A Powerfully Bad Error

I was amused, but not all that surprised, to read the story about the utility customers in Weatherford who received electric bills for $24 billion this month. It turns out that, this time at least, the mixup was the fault of operator error, not computer error.

At least one local took it in stride: ""I know they raised the rates on kilowatt hours a little bit," [Weatherford resident Richard] Redden said. "I guess we shouldn't have run the heater quite so much this month."

The reason this doesn't surprise me? I once received a utility bill for over $2500 (for only a few months) in college; the error turned out to be that the meter had been changed during the billing period. I chronicled that story here, in a post that also reported how a guy in Malaysia got a phone bill for 218 trillion dollars.

At least in the Weatherford case, the company immediately discovered its error; in the cases of both the Malaysian guy and myself, the billing entities originally maintained that there was a chance that the outrageous bills were correct.

Cheeky behavior: A USC hockey goalie was ejected from a recent game for mooning the crowd. (It seems like he'd, well, freeze his butt off doing that on ice, wouldn't he?)
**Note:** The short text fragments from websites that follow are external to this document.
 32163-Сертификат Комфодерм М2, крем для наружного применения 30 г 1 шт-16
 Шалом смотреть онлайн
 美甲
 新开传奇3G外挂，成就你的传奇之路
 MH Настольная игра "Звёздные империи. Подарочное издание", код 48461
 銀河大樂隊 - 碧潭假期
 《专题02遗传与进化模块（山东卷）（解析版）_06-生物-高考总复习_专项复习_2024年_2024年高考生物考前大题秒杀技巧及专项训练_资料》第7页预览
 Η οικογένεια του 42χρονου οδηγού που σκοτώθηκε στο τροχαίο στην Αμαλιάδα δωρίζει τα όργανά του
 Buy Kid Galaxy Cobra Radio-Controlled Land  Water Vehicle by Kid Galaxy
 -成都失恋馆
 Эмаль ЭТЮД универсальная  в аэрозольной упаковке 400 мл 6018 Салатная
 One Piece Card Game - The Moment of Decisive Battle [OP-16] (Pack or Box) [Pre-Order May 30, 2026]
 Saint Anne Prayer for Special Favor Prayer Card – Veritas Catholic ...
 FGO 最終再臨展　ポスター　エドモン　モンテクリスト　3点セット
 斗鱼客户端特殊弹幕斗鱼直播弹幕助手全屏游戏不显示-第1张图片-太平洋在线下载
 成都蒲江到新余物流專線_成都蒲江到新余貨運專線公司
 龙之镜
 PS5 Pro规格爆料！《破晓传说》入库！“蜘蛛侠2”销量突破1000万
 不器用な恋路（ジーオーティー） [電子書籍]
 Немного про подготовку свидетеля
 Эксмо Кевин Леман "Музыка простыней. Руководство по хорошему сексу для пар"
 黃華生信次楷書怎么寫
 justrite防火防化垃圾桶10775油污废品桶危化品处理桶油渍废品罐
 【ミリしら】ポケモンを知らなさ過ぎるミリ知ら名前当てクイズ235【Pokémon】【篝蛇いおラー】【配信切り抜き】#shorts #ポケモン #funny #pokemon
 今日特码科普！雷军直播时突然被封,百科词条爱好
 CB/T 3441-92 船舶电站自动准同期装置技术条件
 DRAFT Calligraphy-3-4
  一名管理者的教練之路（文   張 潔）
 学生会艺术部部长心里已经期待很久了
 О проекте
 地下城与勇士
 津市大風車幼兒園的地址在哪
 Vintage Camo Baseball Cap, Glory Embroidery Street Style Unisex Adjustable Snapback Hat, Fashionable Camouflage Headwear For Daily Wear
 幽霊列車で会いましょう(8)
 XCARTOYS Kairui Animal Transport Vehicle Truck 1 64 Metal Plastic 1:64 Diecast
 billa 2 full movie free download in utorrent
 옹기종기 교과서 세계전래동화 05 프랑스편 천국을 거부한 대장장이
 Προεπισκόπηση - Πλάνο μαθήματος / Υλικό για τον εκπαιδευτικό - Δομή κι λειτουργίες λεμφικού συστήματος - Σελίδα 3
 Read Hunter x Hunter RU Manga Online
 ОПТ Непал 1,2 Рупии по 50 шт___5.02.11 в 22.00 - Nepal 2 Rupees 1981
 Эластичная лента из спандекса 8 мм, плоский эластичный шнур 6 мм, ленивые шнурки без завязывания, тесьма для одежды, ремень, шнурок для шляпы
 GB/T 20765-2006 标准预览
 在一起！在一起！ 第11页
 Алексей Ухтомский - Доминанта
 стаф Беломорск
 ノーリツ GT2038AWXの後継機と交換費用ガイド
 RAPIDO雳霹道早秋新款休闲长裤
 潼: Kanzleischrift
The name fits the crime: A woman in the Tampa Bay area was recently charged with taking off one of her high-heeled wooden shoes and hitting her boyfriend in the head with it. Her name? Kari Barefoot.

A good deed goes rewarded: The Wisconsin police officer who wrote himself a ticket for a traffic violation (reported in this post) has received over 150 congratulatory emails from around the world. (Two people even sent him $15 to help cover the fine.)